By Newt Gingrich
As the son of an infantryman who spent 27 years serving America in the U.S. Army, maybe I feel a special emotion on Veteran's Day. This holiday, there is a touch of sadness, a sense of historical passing.
There was a time when November 11 was called "Armistice Day" to commemorate the ending of "The War to End All Wars," which we now know as World War I, the first of so many brutal conflicts of the 20th century. After World War II, we changed the purpose of the day to honor all living veterans of all our conflicts, at the same time changing "Decoration Day"-- originally a day of remembrance of Union dead from the Civil War -- to our "Memorial Day," to honor all those who served but are no longer with us.
What makes this Veteran's Day so different is that, earlier this year, our last surviving veteran of World War I passed away and now rests with his comrades at Arlington.
Army Cpl. Frank W. Buckles died on Feb. 27, 2011, at the age of 110. He was the last of the 4.7 million Americans who fought in the Great War nearly a century ago.
Having joined the ranks of American doughboys at the age of 16 -- after being turned down by the Marine Corps for being too small, and rejected by the Navy for having flat feet -- Buckles finally convinced an Army captain that he was old enough to enlist. He was so eager to join the conflict that he volunteered to serve as an ambulance driver, having heard that this would place him on a fast track to the front lines in France, where he did indeed come face to face with the ghastly toll of war as he transported the broken bodies of his comrades.
But even after the Armistice, this did not end Buckles's experience of war. Over two decades later, during World War II, while serving as a civilian shipping contractor in the Philippines, Buckles was captured by the Japanese and became a prisoner of war for more than three years.
He lost over 50 pounds during his imprisonment, surviving on a daily diet of only a small amount of mush served in a tin cup the size of a coffee mug that he kept the rest of his life.
And now that Buckles is no longer with us, our last link with his generation of warriors has quietly slipped away.
As a boy, I attended the parades in their honor, men still young in their 40s and 50s.
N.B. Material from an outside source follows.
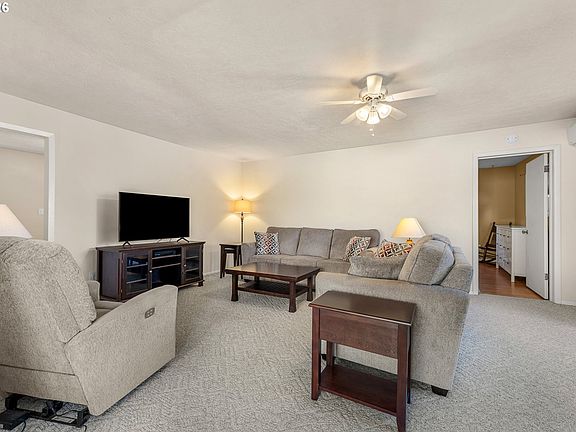 5th image of 710 11th St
The young veterans who once marched beside them -- now remembered as our "Greatest Generation" -- were in their 20s, having returned not long before from Iwo Jima, Bastogne, and the flak-torn skies over Berlin and Tokyo.
Of the nearly 15 million who served during the Second World War, little more than a million remain with us, and approximately 1,000 of these pass away with each day. Today, the younger vets who march beside them are those of more recent eras: Korea, Vietnam, the Cold War, the Persian Gulf War, and the ongoing conflicts in Iraq and Afghanistan -- a total of more than 21 million veterans living among us.
As we honor these 21 million fellow Americans, this Veterans Day is also a stark reminder that we are still a nation at war and a nation that remains at risk.
For the elected officials who direct our military, and the voters who elect them, we have a serious responsibility to reflect upon history and apply the wisdom of the past to our challenges today.
If history teaches us anything, it is the necessity of perpetual vigilance. We must maintain our military strength to defend ourselves against those who would threaten us. And we must guard against complacency and any belief that today is somehow different, that leaders of other nations will always be "reasonable," or that we can somehow afford to let down our guard.
World War I was believed to be the war to end all wars. Because its results were so horrific and devastating, it was expected that no sane country would engage in such conflict ever again. But war came again just a few years later, and it was even more devastating and horrific than the last.
Before the outbreak of World War II, it was believed by many Western powers that we might be able to reason with Hitler and strike a deal to prevent war. It was a false hope. The failure to confront Hitler from a position of military strength ensured that the ultimate price paid in blood and treasure was far steeper than it had to be. Indeed, Winston Churchill in his Iron Curtain speech said "there never was a war in history easier to prevent by timely action than the one which has just desolated such great areas of the globe. It could have been prevented, in my belief, without the firing of a single shot."
Following the collapse of Communism and the coming of a new century, it was believed by many that we had reached "the end of history." Defense budgets were shrunk and attacks on America treated as law-enforcement problems. But the hopes for a more peaceful world were shattered that Tuesday morning in September 2001. Since that time, thousands of our brave men and women have fought on distant fronts to defend us against radical Islamist forces who seek domination and annihilation of any who oppose their beliefs.
Despite the myriad challenges we face today, our national resolve must be unshakeable. Let this November 11 be a special day when we thank our courageous veterans for their service and sacrifice. And let us resolve to honor their service by maintaining a military force strong enough to help keep peace around the world without having to fire a shot.